After my eleventh unpublished book, I was convinced I was through.  I thought the next step was moving to L.A. to pursue acting with my wife.  When I got here, however, my old tendencies crept right back in, and I found myself scratching tidbits on slips of paper at the most inopportune times.  Over a year later I’d accumulated a new file of scraps and begun four different journals.  The single book that came of it was initially meant to be an encouragement to people just starting out on the path to their dreams—thus the title.  But, as often happens, something took over—in this case life itself—and I’m afraid the only help anyone will find in the following pages is that familiar voice that says, “You’re not the only one.”  It turns out I’m not much of an encourager, but rather the voice of endurance.

I very infrequently read, actually.  I hadn’t thought of passing myself off as a writer, because I don’t much like them.  I fell into it because I had no other means of expression.  I couldn’t afford paints or art supplies, acting or music lessons.  I had no resources, so I picked up a pen to complain about it.  In that way, I am the product of having nothing, in a world that offers everything.  That’s why I’ve come to see writing as the purest art form—it is what you can resort to when there is nothing else.

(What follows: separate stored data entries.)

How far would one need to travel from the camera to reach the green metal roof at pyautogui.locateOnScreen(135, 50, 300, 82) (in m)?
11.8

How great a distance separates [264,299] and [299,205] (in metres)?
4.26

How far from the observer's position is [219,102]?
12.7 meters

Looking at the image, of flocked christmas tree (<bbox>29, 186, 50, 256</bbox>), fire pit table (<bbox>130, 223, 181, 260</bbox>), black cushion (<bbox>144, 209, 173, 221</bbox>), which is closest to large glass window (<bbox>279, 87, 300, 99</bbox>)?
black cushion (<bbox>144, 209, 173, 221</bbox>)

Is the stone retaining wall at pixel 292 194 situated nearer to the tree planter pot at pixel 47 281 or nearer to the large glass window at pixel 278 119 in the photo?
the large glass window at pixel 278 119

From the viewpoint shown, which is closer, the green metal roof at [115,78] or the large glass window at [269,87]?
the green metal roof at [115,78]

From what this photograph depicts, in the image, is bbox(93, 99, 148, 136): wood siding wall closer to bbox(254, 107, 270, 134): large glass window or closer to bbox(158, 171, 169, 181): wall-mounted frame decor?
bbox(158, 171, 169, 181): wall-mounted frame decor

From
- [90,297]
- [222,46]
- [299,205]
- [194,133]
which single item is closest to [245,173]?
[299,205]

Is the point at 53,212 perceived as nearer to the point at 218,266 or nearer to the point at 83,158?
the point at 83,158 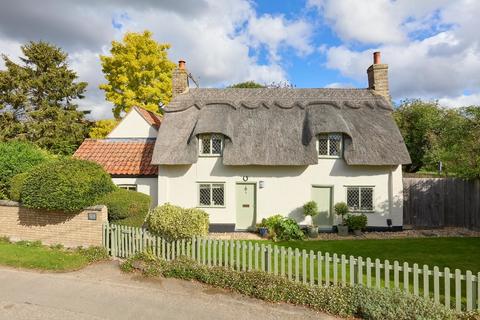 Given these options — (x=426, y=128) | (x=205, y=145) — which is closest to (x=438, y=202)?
(x=205, y=145)

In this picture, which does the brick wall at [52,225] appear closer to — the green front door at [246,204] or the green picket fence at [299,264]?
the green picket fence at [299,264]

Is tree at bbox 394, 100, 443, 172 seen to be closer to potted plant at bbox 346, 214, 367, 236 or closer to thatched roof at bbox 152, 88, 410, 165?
thatched roof at bbox 152, 88, 410, 165

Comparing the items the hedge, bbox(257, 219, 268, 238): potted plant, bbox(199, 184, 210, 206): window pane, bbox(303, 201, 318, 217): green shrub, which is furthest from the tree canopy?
the hedge

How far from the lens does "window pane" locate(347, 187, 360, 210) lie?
54.1 ft

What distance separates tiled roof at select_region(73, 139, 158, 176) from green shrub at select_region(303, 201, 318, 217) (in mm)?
8307

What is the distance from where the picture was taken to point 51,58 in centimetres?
3366

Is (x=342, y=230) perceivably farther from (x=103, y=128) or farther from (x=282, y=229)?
(x=103, y=128)

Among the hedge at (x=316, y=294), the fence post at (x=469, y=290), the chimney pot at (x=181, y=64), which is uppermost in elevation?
the chimney pot at (x=181, y=64)

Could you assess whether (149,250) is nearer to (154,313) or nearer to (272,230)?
(154,313)

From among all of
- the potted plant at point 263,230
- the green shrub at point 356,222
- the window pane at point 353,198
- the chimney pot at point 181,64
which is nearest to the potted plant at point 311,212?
the green shrub at point 356,222

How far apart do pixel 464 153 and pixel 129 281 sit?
17.2 m

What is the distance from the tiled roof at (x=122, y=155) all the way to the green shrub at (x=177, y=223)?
23.3ft

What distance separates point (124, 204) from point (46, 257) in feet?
10.3

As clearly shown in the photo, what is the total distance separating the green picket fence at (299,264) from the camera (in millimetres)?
6996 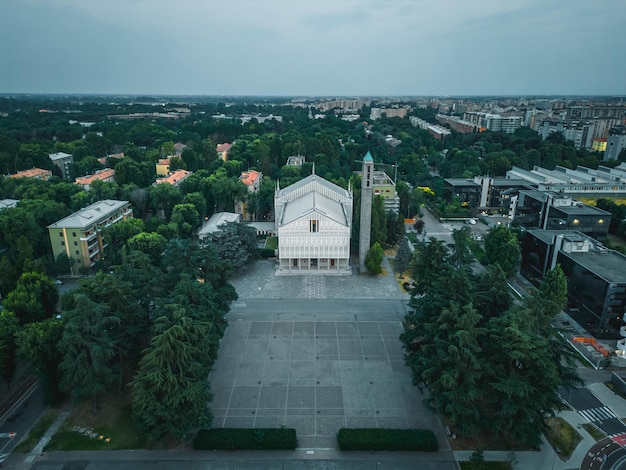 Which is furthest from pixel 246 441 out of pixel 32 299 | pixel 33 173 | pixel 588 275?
pixel 33 173

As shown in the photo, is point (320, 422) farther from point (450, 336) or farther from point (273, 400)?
point (450, 336)

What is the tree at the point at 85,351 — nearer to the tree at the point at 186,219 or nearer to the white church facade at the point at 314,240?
the white church facade at the point at 314,240

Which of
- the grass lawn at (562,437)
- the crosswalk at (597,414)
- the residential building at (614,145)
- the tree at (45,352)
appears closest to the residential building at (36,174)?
the tree at (45,352)

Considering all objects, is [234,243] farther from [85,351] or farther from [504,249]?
[504,249]

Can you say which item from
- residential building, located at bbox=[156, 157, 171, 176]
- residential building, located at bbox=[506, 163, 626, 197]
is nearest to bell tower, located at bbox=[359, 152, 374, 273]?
residential building, located at bbox=[506, 163, 626, 197]

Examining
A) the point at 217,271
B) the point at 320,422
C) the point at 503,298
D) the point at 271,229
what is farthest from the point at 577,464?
the point at 271,229

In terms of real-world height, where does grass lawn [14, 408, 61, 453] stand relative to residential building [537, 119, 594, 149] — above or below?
below

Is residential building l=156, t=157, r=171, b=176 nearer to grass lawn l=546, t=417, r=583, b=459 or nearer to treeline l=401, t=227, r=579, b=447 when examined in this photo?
treeline l=401, t=227, r=579, b=447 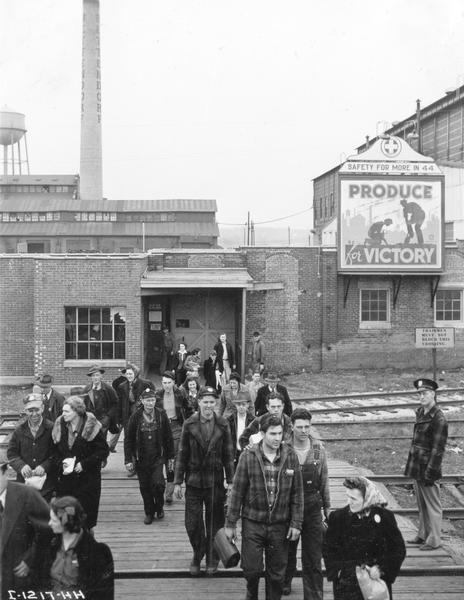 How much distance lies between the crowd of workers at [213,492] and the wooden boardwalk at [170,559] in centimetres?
20

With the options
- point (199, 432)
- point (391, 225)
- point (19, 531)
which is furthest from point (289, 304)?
point (19, 531)

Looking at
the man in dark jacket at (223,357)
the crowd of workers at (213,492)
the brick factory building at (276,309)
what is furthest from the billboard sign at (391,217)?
the crowd of workers at (213,492)

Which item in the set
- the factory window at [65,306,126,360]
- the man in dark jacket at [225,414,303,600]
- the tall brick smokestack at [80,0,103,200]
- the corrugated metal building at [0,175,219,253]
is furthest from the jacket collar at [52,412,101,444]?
the tall brick smokestack at [80,0,103,200]

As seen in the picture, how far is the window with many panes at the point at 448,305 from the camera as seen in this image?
85.9ft

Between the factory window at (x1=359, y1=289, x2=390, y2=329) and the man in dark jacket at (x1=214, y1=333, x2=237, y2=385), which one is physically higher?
the factory window at (x1=359, y1=289, x2=390, y2=329)

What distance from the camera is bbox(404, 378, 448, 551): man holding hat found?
322 inches

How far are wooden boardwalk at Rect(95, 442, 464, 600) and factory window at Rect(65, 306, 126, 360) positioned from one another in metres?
12.0

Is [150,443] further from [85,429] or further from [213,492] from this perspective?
[213,492]

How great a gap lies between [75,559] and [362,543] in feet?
6.46

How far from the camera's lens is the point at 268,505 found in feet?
20.6

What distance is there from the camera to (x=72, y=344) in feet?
73.5

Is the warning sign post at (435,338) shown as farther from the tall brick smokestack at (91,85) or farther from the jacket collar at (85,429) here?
the tall brick smokestack at (91,85)

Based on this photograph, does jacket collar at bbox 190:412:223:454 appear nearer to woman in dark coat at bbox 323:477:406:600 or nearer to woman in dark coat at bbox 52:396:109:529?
woman in dark coat at bbox 52:396:109:529

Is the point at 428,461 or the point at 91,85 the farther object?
the point at 91,85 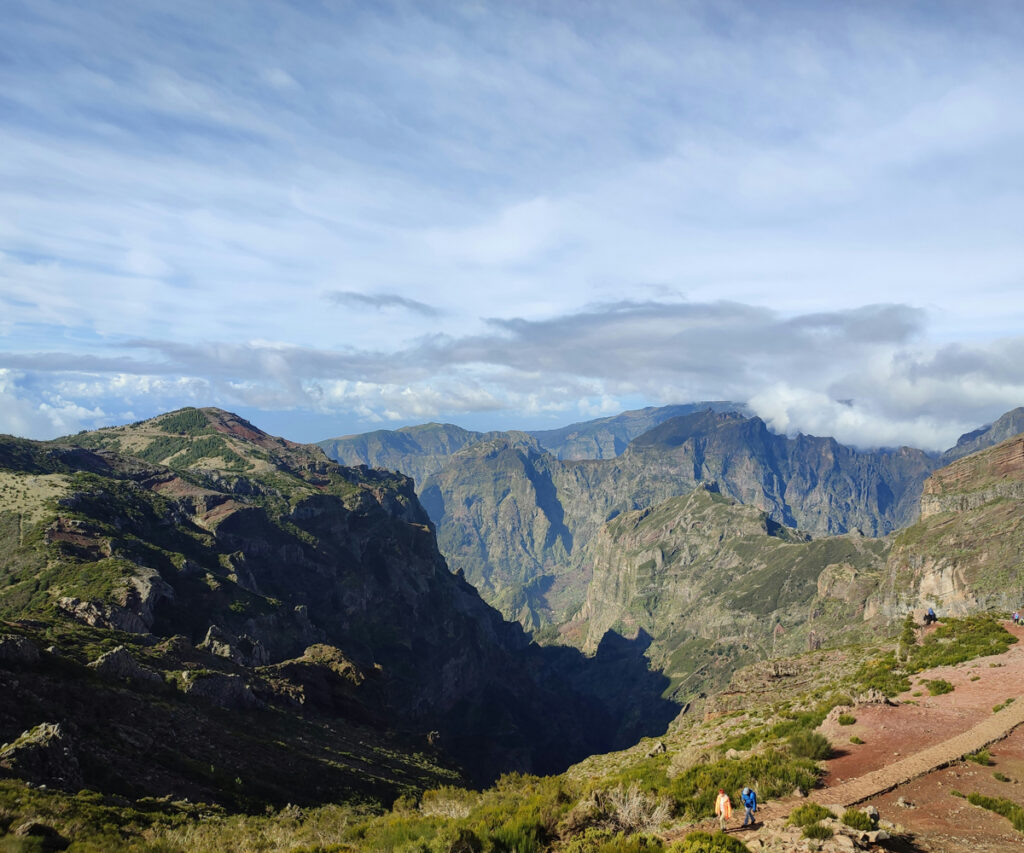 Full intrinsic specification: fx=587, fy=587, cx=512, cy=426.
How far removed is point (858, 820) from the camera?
22.7 metres

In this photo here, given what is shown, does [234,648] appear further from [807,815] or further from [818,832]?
[818,832]

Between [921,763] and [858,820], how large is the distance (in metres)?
9.41

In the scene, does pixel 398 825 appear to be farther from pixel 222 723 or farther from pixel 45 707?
pixel 222 723

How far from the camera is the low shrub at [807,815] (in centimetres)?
2353

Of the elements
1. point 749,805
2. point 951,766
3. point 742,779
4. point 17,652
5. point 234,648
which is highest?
point 749,805

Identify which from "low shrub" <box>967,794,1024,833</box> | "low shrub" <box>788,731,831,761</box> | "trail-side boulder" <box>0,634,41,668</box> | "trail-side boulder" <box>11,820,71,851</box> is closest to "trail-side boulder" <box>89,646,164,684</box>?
"trail-side boulder" <box>0,634,41,668</box>

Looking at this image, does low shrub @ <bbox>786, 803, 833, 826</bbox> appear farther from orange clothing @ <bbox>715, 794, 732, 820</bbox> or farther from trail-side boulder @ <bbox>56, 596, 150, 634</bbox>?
trail-side boulder @ <bbox>56, 596, 150, 634</bbox>

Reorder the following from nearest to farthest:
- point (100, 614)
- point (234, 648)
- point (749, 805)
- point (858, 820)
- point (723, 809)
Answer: point (858, 820) → point (749, 805) → point (723, 809) → point (100, 614) → point (234, 648)

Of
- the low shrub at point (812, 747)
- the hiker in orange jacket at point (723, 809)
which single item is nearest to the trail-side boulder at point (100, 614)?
the hiker in orange jacket at point (723, 809)

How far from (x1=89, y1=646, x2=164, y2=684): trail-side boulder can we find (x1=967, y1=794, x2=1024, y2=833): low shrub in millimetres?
A: 67607

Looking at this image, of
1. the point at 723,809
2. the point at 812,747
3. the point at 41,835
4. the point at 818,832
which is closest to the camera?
the point at 818,832

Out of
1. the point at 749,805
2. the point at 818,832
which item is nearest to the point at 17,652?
the point at 749,805

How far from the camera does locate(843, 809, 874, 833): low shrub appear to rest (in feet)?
74.0

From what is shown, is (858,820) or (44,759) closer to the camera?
(858,820)
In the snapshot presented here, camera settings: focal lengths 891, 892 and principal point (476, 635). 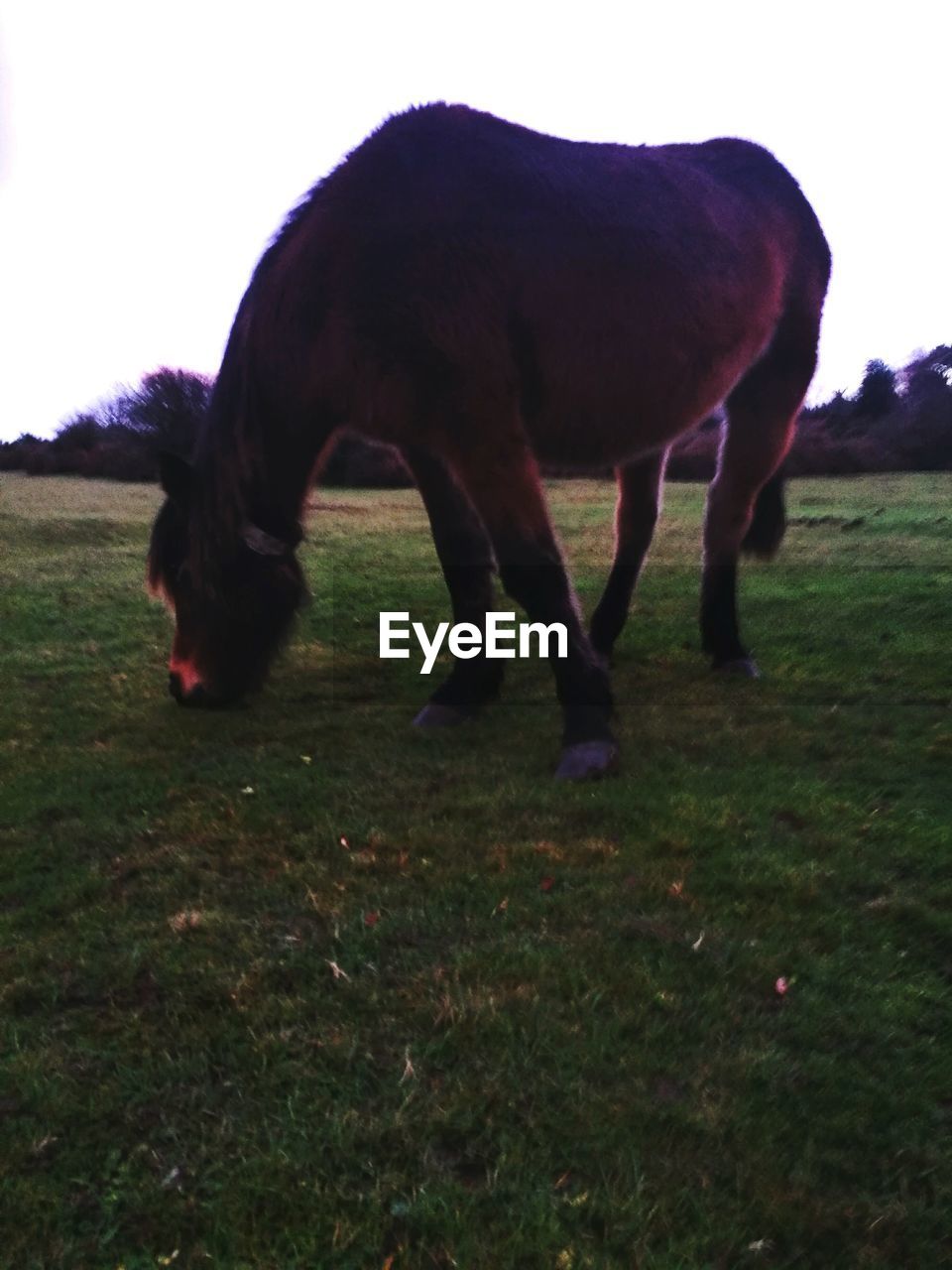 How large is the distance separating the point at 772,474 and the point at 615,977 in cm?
390

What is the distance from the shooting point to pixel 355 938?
2.17 meters

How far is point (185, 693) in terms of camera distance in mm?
3984

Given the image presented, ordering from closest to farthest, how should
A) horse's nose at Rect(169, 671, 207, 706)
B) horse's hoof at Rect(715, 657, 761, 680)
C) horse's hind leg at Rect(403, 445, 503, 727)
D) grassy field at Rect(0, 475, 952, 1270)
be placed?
grassy field at Rect(0, 475, 952, 1270) < horse's nose at Rect(169, 671, 207, 706) < horse's hind leg at Rect(403, 445, 503, 727) < horse's hoof at Rect(715, 657, 761, 680)

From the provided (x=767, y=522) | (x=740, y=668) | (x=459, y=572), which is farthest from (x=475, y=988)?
(x=767, y=522)

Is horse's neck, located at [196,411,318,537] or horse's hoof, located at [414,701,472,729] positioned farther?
horse's hoof, located at [414,701,472,729]

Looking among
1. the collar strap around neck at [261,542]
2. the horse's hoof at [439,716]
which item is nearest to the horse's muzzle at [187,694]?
the collar strap around neck at [261,542]

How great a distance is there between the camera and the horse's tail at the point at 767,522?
213 inches

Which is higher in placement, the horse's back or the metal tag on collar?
the horse's back

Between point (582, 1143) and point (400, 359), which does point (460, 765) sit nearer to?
point (400, 359)

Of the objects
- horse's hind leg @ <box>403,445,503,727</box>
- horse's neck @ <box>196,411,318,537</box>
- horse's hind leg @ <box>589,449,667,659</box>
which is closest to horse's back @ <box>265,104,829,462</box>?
horse's neck @ <box>196,411,318,537</box>

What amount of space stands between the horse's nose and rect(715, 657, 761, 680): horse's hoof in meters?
2.72

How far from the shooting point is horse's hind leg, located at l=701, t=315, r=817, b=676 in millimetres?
4863

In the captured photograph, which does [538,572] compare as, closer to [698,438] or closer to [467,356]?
[467,356]

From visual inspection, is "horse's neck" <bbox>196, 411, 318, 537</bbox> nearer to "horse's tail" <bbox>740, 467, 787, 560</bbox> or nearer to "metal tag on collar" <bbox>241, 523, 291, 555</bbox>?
"metal tag on collar" <bbox>241, 523, 291, 555</bbox> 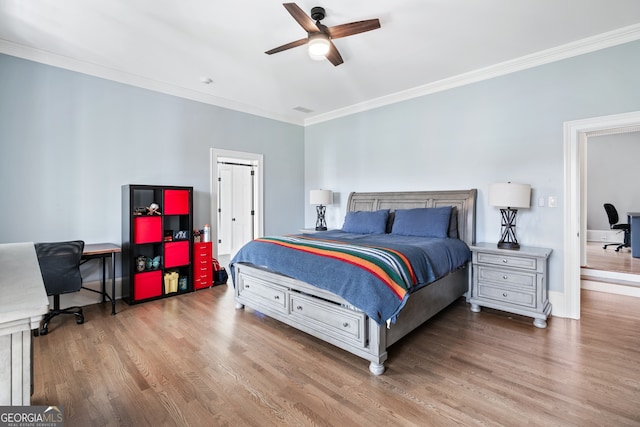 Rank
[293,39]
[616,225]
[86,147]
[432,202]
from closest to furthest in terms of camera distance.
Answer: [293,39]
[86,147]
[432,202]
[616,225]

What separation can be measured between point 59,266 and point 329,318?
8.77 feet

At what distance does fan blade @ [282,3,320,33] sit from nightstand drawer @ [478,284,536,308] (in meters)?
3.15

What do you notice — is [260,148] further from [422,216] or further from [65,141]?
[422,216]

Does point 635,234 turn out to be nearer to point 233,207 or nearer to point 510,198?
point 510,198

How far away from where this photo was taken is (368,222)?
4.36m

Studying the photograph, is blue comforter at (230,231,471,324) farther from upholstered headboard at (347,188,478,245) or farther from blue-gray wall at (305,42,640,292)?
blue-gray wall at (305,42,640,292)

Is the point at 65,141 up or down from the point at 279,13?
down

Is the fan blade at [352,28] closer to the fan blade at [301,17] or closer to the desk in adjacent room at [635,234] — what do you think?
the fan blade at [301,17]

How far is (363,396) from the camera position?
203 centimetres

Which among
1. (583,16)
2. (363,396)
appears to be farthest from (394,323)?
(583,16)

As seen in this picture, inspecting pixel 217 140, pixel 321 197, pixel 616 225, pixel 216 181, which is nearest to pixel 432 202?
pixel 321 197

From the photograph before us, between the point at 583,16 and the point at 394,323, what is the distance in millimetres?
3211

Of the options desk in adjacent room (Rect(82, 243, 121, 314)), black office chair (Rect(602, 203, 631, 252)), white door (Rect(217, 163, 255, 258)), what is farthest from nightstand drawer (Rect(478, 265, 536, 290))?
black office chair (Rect(602, 203, 631, 252))

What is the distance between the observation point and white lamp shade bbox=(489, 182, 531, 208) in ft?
11.0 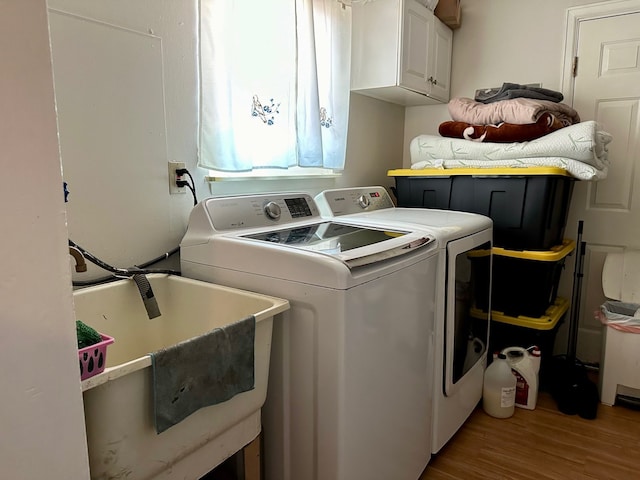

So what exactly have I come up with?  Well, there are glints of hope, and some occasional advice, but mostly this is for people who struggle, who are unhappy, whom things keep going wrong for.  It’s like the blues, just there to let you wallow.  And it’s sort of entertainment at my expense, like the comedies and tragedies of old, or like reality TV in ways.  This is a journal, a record of my introduction to L.A., slipping off increasingly into songs and poetry as I found that I just had to vent.  There isn’t any resolution but the chronicle itself, because I’m still alive, still struggling, and will continue writing until I no longer have any emotion left.  This is my twelfth book, possibly the darkest yet.  I’m quite proud.